Writer's picture: Rabbi Jeffrey L. FalickRabbi Jeffrey L. Falick

You may (or may not!) know that a few years ago, I took over mentoring our b'nei mitzvah. The practical reason for this was to deepen my relationship with our young people. New technology helped a great deal, allowing us to meet regularly without depending on busy parents to schlep them to yet another activity!

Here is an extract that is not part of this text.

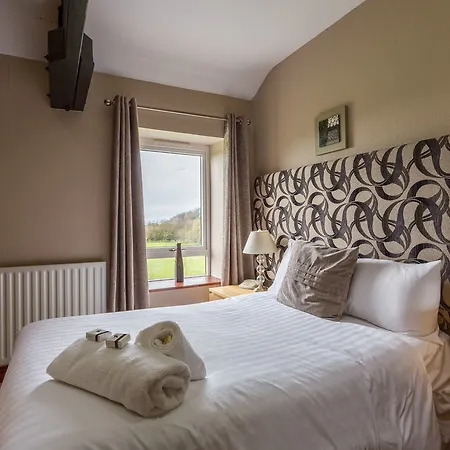 Country house Westlakes And Restaurant Seascale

Embedded in my goal of strengthening our personal relationships was another objective. I wanted to infuse the B'Mitzvah (as many now call the celebration) with a purpose similar to its original intent. In traditional Judaism, a thirteen-year-old boy—twelve for girls—wakes up on their birthday to a new reality of obligation to the halachah, the legal system of Judaism. Due to the extensive public rituals required of them, a tradition emerged to highlight the boys' liturgical skills during a prayer service. This is how the ceremonial celebration came about. However, the term "bar mitzvah" refers not only to the celebration itself but also to the young man. He is called a "bar mitzvah," which literally means "son of the commandment," and idiomatically refers to a "mitzvah doer," with "mitzvah" signifying the collective commandments of God.

 

Our young people do not wake up on their twelfth or thirteenth birthdays to new realities of Jewish ritual requirements. But around that age, their cognitive, emotional, and social development is leading them to shape their morals and values.

 

Growing up in a largely secular Jewish environment, I was introduced to a more colloquial definition of the word mitzvah. For us, it wasn't about religious obligations like daily prayer or dietary laws. It was about doing good things, being a mensch. My grandparents never said to me, "Do me a mitzvah, Jeffrey, put on some tefillin." They said, "Do me a mitzvah, Jeffrey, and go help your grandmother stamp her fundraising envelopes."

 

This perspective differed from my rabbi's concept of mitzvah. While it included helping others, he felt that it did not sufficiently capture its essential ritual and theological components. A mitzvah, he taught, isn't only the performance of a good deed; it is the divine command that issues forth from the Torah on both the moral and ritual scale.

 

As a humanistic rabbi, I don't subscribe to that view and I don't teach it. I prefer the definition my grandparents, parents, and seemingly every secular and humanistic Jew I have ever known agreed upon: a mitzvah is doing good, doing right.

 

Considering that our young people are in the midst of their social and cognitive development, I wanted them to enter adolescence with the capacity to become humanistic Jewish "mitzvah doers." This calls for values education and clarification. Our starting point is a tool created by educators at the American Humanist Association called "The Ten Commitments."

 

In my next few commentaries, I'll explore some of these values in much the way I do with our young people. Where appropriate, I'll also take a closer look at the Jewish cultural cognates and parallels to these Ten Commitments. In the meantime, you can check them out for yourselves at this link.

 

Or just come to the congregation, where you'll find them prominently displayed in our lobby!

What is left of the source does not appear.